NIST FIPS 203, 204, 205 Finalized | PQC Algorithms

Written by Mehak Kalsi, Co-Chair, CSA Quantum-Safe Security Working Group.

Reviewed by Bruno Huttner, Co-Chair, CSA Quantum-Safe Security Working Group.

The Quantum Computing ecosystem has been waiting with bated breath for this moment and it’s finally here. The National Institute of Standards and Technology (NIST) of the United States has released three (3) Post-Quantum Cryptography (PQC) algorithms for use to counter the collapse of our current asymmetric cryptography infrastructure when a Cryptographically Relevant Quantum Computer (CRQP) becomes a reality. In simple terms, these Federal Information Processing Standards (FIPS) provide a description and implementation procedures of algorithms which should be resistant to attacks by a CRQP. Recent progress in quantum computing makes the advent of such a CRQP likely in the near future (5 to 10 years), therefore, all organizations need to prepare.

Considering the monumental challenge of upgrading asymmetric key cryptography and that the majority of organizations and networks use asymmetric key cryptography, the following is a list of choices that should be vetted and implemented at your organizations sooner rather than later.

FIPS Released

Let’s jump right into the deep end. The following are the three (3) standards and a little bit about each of them to help you decide what would work best for your organization.

• FIPS 203
  • Title: Module-Lattice-Based Key-Encapsulation Mechanism Standard
  • Link
  • Summary: This standard describes a set of algorithms known as module-lattice-key-encapsulation mechanism (ML-KEM). These algorithms should be used in conjunction with symmetric-key cryptographic algorithms for quantum-safe data encryption. They work by leveraging the strength and computational difficulty of the Module Learning with Errors problem. The standard contains a set of three (3) parameters; ML-KEM-512, ML-KEM-768, and ML-KEM-1024. The higher numbers are designed for higher security at the expense of decreasing performance in terms of speed and key length.

• FIPS 204
  • Title: Module-Lattice-Based Digital Signature Standard
  • Link
  • Summary: This standard describes module-lattice-based digital signature algorithm (ML-DSA). It can be used to “generate and verify digital signatures.” This provides authentication of the signer, integrity of the transaction, and non-repudiation by the signer.

• FIPS 205
  • Title: Stateless Hash-Based Digital Signature Standard
  • Link
  • Summary: This standard describes stateless hash-based digital signature algorithm (SLH-DSA) based on SPINCS+. Like FIPS 204, this focuses on digital signatures and allows us to continue to rely on them to confirm the authentication of the signer, the integrity of the data sent, and to provide non-repudiation for the signer.

Brief History and Timeline

NIST put out a request for proposals on December 20, 2016 for the cryptographers of the world to propose new key exchange and signature algorithms that would be quantum resistant. In July 2022, the three (3) PQC algorithm finalists were announced and released for public comments on August 24, 2023 by NIST. Comments were collected through November 22, 2023 and NIST worked tirelessly to address the comments to reach this point with the release of the algorithms listed here on August 13, 2024.

Note that new key exchange algorithms not based on lattices and new types of signatures are still under consideration by NIST and are expected to be finalized in the near future.
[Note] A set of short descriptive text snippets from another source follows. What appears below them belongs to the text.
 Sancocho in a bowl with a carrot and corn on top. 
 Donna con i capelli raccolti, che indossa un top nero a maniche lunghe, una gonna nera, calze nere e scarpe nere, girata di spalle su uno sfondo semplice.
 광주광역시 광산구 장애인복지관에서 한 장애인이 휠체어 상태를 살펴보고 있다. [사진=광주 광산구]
Another type of key exchange mechanism known as Quantum Key Distribution (QKD), based on the properties of quantum mechanics, is also considered quantum-safe and could be used in conjunction with these algorithms.

Your Next Steps

Organizations need to think long (but not too long) and hard about their quantum-safe strategy. If you are a vendor or third-party to the United States Government (USG), they will come knocking asking for your quantum-safe strategy sooner rather than later. This is likely the case for most major governments of the world who hope to continue competing into the future on a global scale. The USG is investing heavily in their post-quantum plans, which would indicate a need for civilian organizations to do the same. You can start preparing here with Quantum-Readiness: Migration to Post Quantum Cryptography, which was a joint effort by CISA, the NSA, and NIST to help organizations get started on their post-quantum readiness journey.
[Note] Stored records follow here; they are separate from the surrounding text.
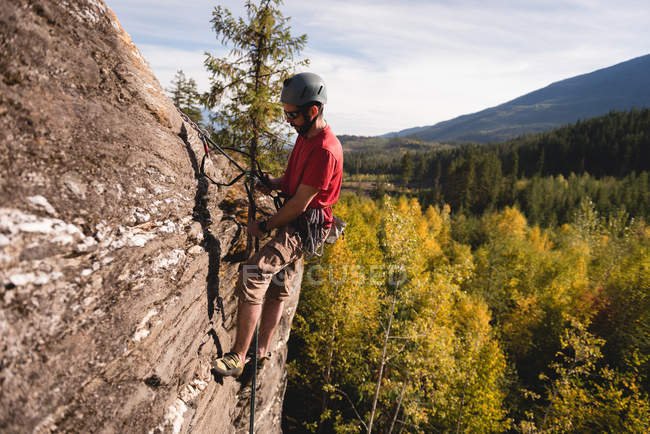 Determined rock climber climbing the rocky mountain — Stock Photo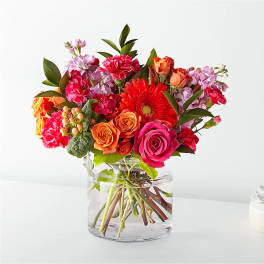 Mixed bouquet of roses, gerbera daisies, and carnations in a clear glass vase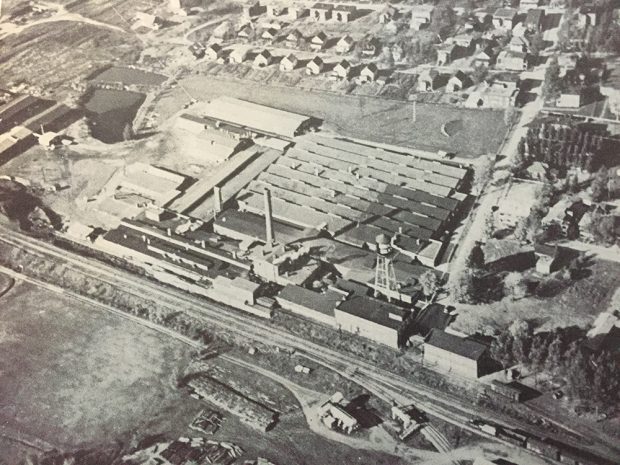 Aerial photo of the Bruck Mills factory with the adjacent railway and workers' houses.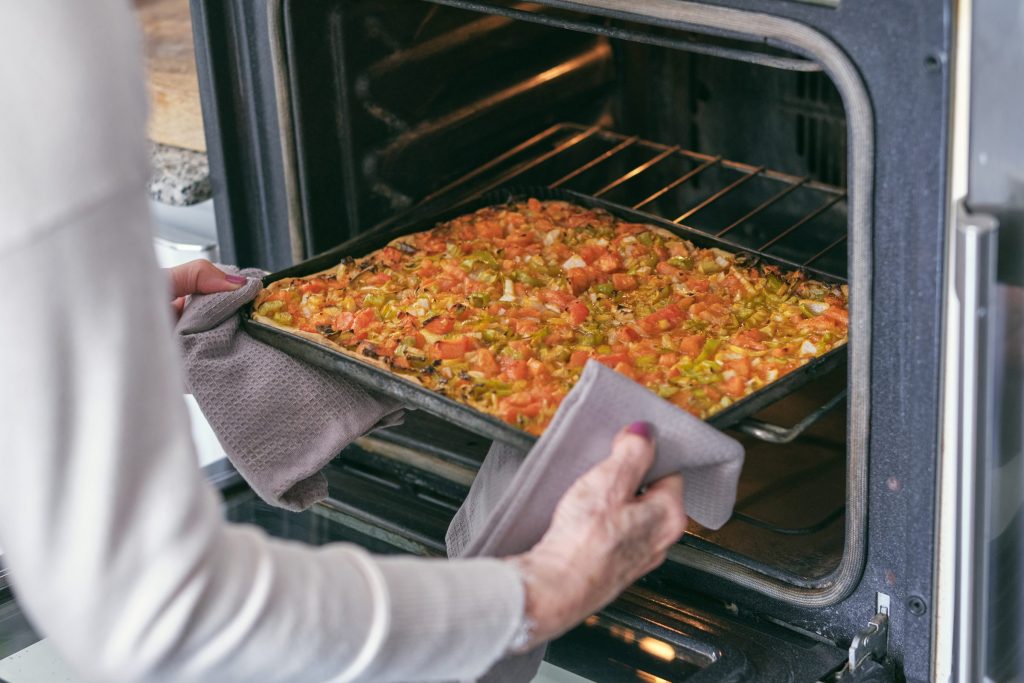 Adult baking savory pizza in oven at home.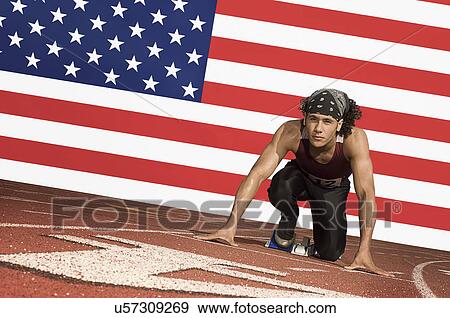 Stock Photo - Runner on a track in starting block in front of US flag. Fotosearch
If you’d like to learn more about what NIST is planning for post-quantum as well as other related topics, you can keep an eye out for PQC Seminars starting this fall on the NIST Computer Security Resource Center (CSRC) site. You can also find recordings of previous seminars in case you are interested in past topics. Additionally, you can refer to the various publications of the CSA Quantum-Safe Security Working Group, which can be found on the CSA website and on our LinkedIn page.
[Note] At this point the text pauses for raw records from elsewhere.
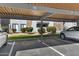 Assigned covered parking with view of the buildings and landscaping at 2025 E Campbell Ave # 114, Phoenix, AZ 85016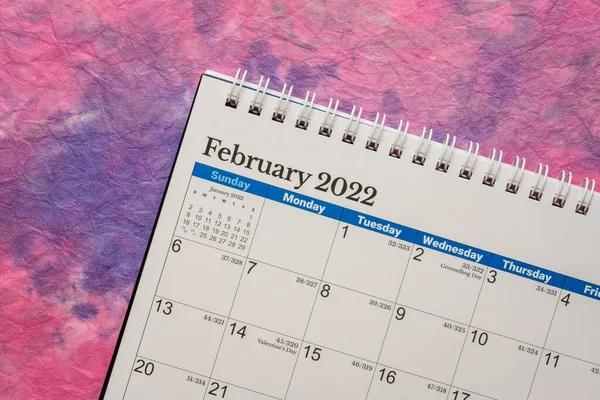 Φεβρουάριος 2022 Σπειροειδές Ημερολόγιο Επιφάνεια Εργασίας Κατά Πολύχρωμο Μαρμαροειδές Χαρτί — Φωτογραφία Αρχείου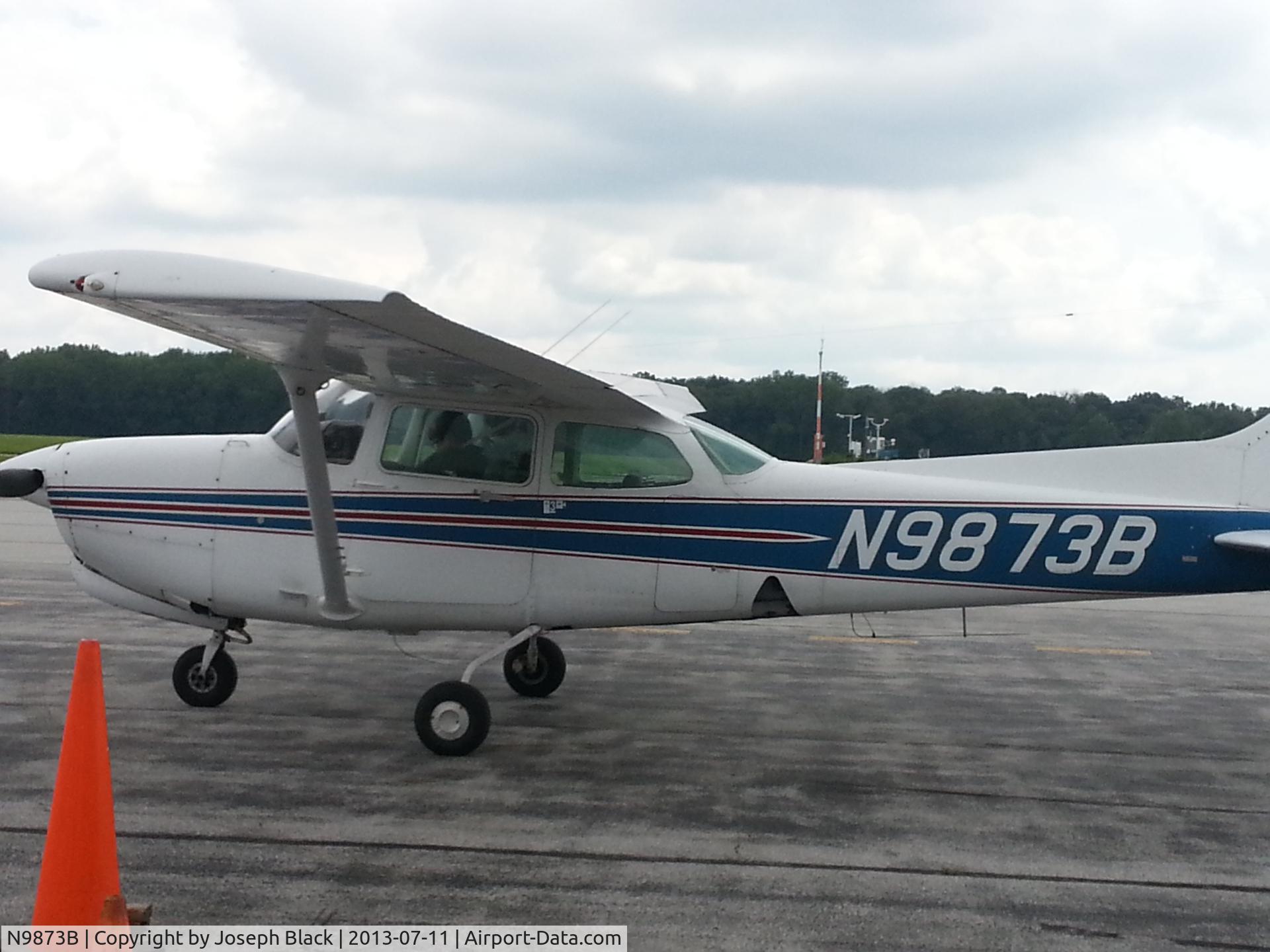 N9873B, 1982 Cessna 172RG Cutlass RG C/N 172RG1064, At Dayton-Wright Brothers Airport on July 11, 2013. Aircamp student Logan Black in the cockpit.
To wrap it all up, now is the time to move forward with your quantum-safe strategy and plans. Share this with your leadership to help them understand the importance and urgency of planning for a world where a Cryptographically Relevant Quantum Computer (CRQP) is becoming a rapid reality. If the USG, NIST, other nations, and agencies are spending time and money on preparing for a post-quantum future, it’s time for your organization to start as well.